Only in cases where a matter is removed improvidently and without jurisdiction shall a case be remanded.

Harry A. Blackmun:

I suppose what you are saying is that this decision below opens a way for the Federal Judiciary country-wide to do away independently with diversity jurisdiction?

Frank G. Dickey, Jr.:

Mr. Justice Blackmun, if I had to look into the mind of Judge Hermansdorfer, which I obviously cannot do, I would say that this was the intent of his order of remand.

Harry A. Blackmun:

This is the responsibility, is it not, for every Federal Judge to follow his example and just clear their calendars of diversity cases?

Frank G. Dickey, Jr.:

It would certainly be unless this Court —

Harry A. Blackmun:

And only remove — of diversity cases –-

Frank G. Dickey, Jr.:

If Your Honor please, I think if the order of remand in this particular case is permitted to stand, this Court is going to have to legislate judicially which is an area which is completely within the realm of Congress and this Court would also have to eliminate original diversity jurisdiction as well as removal.

Frank G. Dickey, Jr.:

I think that not only would the order of remand in this particular case apply to removal of diversity jurisdiction, but it would as far original jurisdiction goes because this was a case which could have brought them in the District Court under the provisions of original diversity jurisdiction.

Thurgood Marshall:

Mr. Dickey, Congress could remedy and stop this with just one stroke of (Inaudible) —

Frank G. Dickey, Jr.:

If Your Honor please —

Thurgood Marshall:

Just take the word “mandate” out of their provision?

Frank G. Dickey, Jr.:

Well, I think that what Congress —

Thurgood Marshall:

Right?

Congress —

Frank G. Dickey, Jr.:

Yes sir.

Yes sir, Congress could do that.

I think also that Congress intended that this matter should never arise by reason of the language in 1447(c).

William J. Brennan, Jr.:

Is not the substance of your argument that we ought not comes to 1447(d) as literally written, but as limited in application to cases you regularly sent back under the 1447(c) on some reason that might be error?

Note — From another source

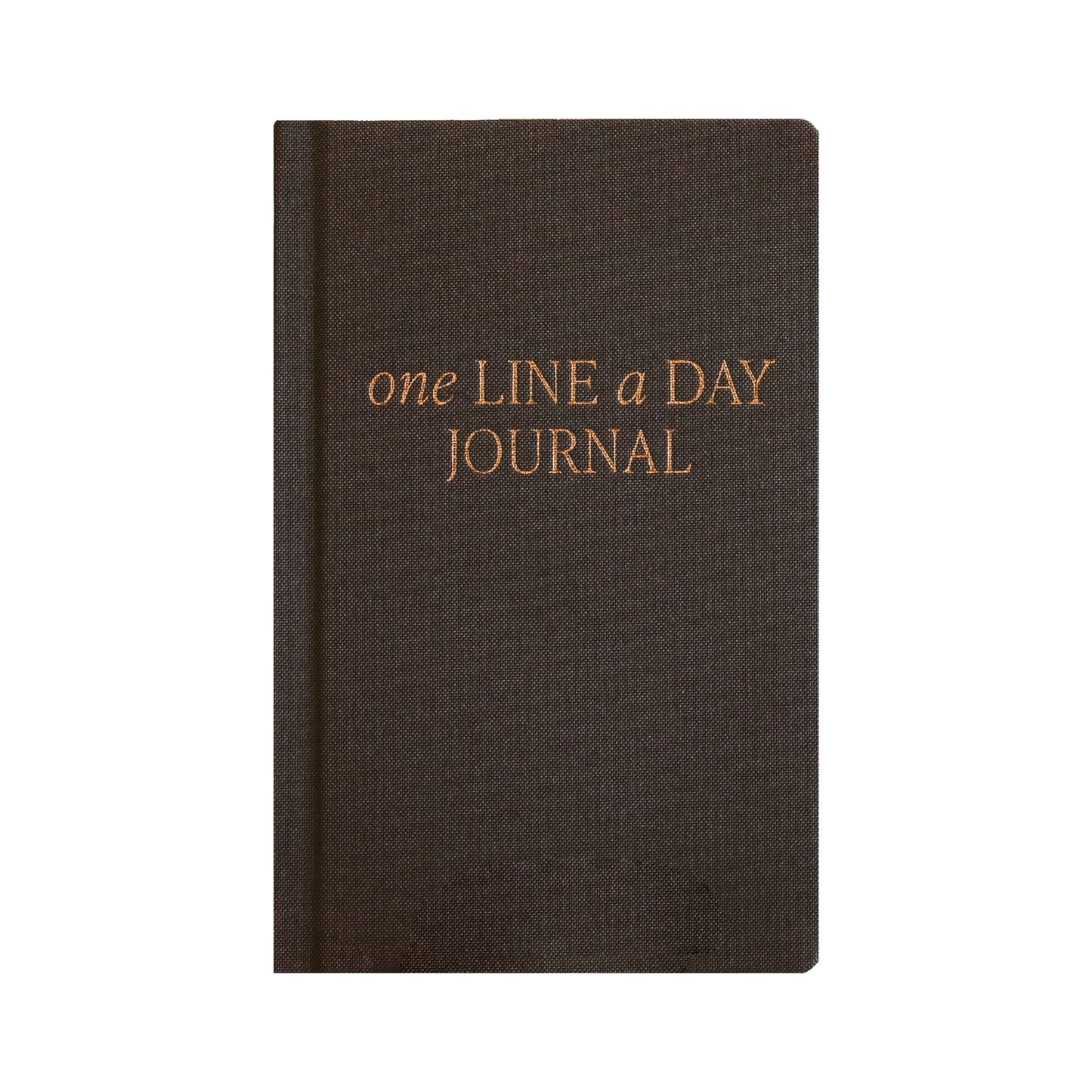 One Line A Day Fabric Journal, Blue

Is that not as you say happened here, the Court because it had a crowded calendar, sending it back and say go try at the state court, do not bother me with it?

Frank G. Dickey, Jr.:

That is entirely correct Your Honor.

Potter Stewart:

It is kind of odd to say that it is not reviewable with even though erroneous, unless the error is serious, what sort of a doctrine is that?

Frank G. Dickey, Jr.:

Well, if Your Honor please, the 1447(d) says that an order remanding a case is not reviewable on appeal or otherwise.

Potter Stewart:

Yes.

Frank G. Dickey, Jr.:

Otherwise, under the cases which have been interpreted before means by any remedy or by any means?

However, when Section 1447(d) is read with 1447(c), unless a case was removed improvidently and without jurisdiction, then the order of remand is not even a proper order of remand.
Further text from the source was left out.